Stevens’ first love, though, was basketball. A former player at Zionsville (Ind.) High and DePauw University, Stevens was a volunteer high school assistant in the summer of 2000 when he decided to ditch his day job and pursue a coaching career.

“Well, now it looks like a great idea,” Stevens said. “At the time, I just thought it was something I really wanted to try.”

He became a volunteer in the Butler basketball office and worked his way up the staff directory.

In 2007, when Todd Lickliter left for Iowa, Stevens, then 30, became the head coach.

It’s worked out OK if you consider a record of 88-14 in three seasons OK. Stevens is the youngest coach to take a team to the Final Four since Bob Knight, at 32, led Indiana to St. Louis in 1973.

The youngest coach to lead his team to the national title was Indiana’s Branch McCracken, at 31, in 1940.

Stevens doesn’t act or coach like he’s in over his head. In fact, he is chided for his zombie-like, calm bench demeanor — a trait not always shared by the other three Final Four coaches.

“He doesn’t get rattled easily,” Michigan State’s Izzo said. “I saw some games when he was down three, up three, seems to stay at a pretty even keel. I wish I could do that.”

Stevens is a man of quiet resolve and routine. He plans practice each week at the same restaurant, the Broad Ripple Tavern.

“It’s got a great little back eating area,” he said. “Get the same thing every week. Pretty boring.”

Nothing is a snore anymore about Butler, located about five miles north of downtown.

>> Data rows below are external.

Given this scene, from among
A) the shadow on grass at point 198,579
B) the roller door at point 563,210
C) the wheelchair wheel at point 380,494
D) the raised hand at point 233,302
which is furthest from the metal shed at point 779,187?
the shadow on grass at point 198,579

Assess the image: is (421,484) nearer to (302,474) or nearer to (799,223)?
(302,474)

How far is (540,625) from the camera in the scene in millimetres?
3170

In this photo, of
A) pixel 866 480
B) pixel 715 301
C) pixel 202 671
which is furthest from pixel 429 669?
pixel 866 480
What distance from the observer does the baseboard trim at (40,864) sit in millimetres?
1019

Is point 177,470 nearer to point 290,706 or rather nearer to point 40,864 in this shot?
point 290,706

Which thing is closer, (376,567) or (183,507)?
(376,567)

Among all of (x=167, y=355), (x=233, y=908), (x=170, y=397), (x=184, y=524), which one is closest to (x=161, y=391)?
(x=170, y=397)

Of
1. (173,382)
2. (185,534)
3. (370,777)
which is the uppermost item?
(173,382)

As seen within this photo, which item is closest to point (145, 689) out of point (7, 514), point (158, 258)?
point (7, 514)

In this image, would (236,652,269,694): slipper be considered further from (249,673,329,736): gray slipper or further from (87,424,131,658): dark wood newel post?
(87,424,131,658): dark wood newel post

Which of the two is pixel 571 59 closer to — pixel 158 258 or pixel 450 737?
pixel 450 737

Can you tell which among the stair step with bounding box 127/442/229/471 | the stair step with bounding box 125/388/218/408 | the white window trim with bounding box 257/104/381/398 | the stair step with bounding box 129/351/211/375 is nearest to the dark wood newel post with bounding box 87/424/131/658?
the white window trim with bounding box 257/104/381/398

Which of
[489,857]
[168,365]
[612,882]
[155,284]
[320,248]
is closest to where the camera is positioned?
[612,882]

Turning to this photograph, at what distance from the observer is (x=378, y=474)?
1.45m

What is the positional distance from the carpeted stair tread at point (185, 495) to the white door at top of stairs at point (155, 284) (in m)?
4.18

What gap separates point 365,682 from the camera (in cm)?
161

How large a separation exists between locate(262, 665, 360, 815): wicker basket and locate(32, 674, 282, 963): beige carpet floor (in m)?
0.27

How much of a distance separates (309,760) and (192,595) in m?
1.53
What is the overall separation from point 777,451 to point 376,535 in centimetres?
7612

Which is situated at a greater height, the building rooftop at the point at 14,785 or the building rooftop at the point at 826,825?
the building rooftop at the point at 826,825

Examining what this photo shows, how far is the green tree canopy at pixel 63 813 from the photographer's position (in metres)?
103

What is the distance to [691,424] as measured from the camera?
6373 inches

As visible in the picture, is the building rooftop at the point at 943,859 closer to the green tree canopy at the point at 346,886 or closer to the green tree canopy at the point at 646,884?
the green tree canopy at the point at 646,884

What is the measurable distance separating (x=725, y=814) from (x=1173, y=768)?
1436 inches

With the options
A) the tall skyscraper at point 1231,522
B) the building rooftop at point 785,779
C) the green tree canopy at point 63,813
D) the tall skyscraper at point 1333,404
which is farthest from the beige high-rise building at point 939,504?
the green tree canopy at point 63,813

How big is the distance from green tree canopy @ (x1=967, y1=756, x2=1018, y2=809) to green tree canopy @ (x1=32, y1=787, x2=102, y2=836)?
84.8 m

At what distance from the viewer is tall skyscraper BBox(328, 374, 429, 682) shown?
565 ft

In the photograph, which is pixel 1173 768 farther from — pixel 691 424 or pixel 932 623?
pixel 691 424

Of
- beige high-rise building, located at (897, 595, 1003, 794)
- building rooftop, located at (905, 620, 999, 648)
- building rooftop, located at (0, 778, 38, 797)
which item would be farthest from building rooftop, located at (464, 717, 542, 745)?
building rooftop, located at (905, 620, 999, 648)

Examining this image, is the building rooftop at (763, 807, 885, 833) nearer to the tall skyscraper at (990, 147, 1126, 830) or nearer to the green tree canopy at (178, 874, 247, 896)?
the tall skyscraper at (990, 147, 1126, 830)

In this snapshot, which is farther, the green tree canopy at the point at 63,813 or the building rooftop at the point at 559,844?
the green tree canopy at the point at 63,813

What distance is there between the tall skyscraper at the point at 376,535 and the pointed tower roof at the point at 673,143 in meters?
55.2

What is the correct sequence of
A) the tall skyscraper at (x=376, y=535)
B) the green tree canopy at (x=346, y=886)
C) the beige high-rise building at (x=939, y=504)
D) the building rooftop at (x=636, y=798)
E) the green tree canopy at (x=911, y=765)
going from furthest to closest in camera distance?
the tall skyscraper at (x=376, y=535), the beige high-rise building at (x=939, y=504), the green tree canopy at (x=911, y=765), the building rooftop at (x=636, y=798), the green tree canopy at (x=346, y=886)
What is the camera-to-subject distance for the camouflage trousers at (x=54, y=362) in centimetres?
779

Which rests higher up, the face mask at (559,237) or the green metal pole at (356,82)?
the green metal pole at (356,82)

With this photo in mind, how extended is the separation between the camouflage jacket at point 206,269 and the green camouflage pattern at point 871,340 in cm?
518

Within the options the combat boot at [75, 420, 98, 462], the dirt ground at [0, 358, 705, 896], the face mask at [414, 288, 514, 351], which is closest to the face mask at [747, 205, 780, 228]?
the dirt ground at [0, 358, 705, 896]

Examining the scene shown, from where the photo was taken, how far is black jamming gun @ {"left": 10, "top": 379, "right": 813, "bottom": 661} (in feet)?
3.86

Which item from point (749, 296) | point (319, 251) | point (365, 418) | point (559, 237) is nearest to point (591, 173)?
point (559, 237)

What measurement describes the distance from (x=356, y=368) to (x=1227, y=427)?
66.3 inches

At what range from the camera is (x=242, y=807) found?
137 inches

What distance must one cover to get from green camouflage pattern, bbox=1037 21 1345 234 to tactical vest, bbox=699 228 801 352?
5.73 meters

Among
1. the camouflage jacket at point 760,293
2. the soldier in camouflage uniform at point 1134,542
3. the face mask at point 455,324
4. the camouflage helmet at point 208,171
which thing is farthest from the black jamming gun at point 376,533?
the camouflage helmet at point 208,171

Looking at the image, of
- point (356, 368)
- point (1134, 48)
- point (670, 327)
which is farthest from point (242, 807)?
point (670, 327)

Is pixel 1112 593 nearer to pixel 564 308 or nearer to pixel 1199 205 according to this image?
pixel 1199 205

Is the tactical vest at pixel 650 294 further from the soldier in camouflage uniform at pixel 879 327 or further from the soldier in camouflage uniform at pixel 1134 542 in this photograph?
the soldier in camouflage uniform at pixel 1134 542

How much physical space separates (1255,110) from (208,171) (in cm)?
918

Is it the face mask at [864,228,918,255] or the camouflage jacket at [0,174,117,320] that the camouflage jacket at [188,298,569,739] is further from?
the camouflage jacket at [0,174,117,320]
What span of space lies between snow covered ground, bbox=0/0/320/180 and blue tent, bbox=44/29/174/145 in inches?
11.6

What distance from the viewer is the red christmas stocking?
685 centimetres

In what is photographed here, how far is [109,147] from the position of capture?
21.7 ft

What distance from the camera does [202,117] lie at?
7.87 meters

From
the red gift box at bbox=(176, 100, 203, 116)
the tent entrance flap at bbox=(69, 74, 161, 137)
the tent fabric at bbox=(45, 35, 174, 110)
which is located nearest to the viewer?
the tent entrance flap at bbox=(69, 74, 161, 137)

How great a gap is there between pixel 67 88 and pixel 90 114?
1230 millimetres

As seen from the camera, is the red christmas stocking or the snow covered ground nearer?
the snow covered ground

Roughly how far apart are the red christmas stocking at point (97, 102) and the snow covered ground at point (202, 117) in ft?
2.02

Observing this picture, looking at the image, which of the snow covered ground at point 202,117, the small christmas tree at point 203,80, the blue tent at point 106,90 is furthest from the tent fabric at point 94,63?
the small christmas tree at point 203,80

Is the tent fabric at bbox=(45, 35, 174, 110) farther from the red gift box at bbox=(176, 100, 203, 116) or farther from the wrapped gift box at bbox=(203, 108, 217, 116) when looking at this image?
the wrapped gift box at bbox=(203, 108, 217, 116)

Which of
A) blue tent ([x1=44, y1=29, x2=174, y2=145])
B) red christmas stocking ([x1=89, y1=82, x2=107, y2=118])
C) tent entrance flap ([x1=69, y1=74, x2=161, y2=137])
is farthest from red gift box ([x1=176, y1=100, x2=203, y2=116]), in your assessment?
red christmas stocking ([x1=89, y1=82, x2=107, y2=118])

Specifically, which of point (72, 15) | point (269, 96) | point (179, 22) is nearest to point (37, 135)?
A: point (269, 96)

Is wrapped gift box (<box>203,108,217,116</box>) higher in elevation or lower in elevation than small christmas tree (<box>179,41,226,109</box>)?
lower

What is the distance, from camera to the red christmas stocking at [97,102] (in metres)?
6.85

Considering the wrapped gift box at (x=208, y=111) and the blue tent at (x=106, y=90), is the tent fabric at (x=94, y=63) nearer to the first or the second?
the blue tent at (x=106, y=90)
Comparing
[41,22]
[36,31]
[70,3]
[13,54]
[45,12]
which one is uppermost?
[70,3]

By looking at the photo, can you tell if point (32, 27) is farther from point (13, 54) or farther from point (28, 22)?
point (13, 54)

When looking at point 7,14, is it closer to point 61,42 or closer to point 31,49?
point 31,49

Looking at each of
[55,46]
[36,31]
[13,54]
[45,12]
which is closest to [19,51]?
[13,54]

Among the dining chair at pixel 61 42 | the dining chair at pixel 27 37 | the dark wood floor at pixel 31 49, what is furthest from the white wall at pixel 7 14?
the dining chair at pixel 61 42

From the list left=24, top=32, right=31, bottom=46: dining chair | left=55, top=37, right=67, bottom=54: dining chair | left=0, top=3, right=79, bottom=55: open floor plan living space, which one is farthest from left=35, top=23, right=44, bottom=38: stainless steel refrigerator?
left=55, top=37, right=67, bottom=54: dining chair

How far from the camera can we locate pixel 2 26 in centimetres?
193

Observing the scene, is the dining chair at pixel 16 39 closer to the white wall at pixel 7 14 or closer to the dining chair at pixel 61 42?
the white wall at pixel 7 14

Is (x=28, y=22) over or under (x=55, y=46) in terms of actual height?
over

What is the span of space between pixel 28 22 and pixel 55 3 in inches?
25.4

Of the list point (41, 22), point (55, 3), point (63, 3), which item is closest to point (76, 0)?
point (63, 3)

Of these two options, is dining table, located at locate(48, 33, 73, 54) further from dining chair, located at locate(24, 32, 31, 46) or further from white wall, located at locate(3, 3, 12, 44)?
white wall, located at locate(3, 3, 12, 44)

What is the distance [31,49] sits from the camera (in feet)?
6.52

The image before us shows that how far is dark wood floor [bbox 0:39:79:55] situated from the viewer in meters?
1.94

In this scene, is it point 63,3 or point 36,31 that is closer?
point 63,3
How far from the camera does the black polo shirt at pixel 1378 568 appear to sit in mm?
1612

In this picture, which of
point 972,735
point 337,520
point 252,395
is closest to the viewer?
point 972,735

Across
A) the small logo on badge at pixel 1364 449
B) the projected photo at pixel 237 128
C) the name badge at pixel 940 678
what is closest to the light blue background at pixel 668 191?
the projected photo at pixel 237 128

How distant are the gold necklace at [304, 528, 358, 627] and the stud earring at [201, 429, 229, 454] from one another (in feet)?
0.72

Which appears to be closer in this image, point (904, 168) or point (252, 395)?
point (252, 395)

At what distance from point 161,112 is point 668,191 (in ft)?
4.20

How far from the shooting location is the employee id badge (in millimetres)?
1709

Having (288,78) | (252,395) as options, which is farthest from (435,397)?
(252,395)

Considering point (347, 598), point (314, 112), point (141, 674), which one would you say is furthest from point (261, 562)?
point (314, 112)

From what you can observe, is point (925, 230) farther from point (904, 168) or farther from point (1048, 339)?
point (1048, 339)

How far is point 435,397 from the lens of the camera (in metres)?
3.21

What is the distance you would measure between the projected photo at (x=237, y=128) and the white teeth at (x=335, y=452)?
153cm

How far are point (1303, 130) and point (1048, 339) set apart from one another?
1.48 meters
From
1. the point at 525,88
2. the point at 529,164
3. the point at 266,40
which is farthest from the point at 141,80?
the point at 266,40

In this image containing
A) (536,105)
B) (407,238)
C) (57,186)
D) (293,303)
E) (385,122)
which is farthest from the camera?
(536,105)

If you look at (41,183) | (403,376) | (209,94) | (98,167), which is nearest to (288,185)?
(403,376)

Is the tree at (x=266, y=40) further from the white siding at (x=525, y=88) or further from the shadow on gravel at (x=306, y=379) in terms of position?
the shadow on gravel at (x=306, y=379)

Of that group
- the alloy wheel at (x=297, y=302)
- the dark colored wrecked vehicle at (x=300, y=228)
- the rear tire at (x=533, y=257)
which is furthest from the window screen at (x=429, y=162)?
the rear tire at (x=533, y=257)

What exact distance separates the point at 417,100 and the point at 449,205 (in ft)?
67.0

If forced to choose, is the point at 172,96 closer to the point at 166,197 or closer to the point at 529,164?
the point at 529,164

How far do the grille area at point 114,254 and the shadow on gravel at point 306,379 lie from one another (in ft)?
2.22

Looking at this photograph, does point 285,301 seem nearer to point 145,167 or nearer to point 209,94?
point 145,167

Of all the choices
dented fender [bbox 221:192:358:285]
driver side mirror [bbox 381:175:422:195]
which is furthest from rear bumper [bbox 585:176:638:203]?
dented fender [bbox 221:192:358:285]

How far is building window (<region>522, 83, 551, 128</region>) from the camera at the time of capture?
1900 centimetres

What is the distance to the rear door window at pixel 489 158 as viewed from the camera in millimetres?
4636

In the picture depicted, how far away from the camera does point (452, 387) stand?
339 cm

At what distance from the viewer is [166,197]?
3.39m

The Butler bus on Friday was mobbed by fans wanting to get a glimpse of their stars.

“It was unbelievable,” Stevens said.

Once, in a basketball movie shot in Butler’s gym, the coach used a measuring tape to prove to his team that the basket was 10 feet high for both schools.

Izzo, the underdog against Butler, might consider showing the movie to Michigan State.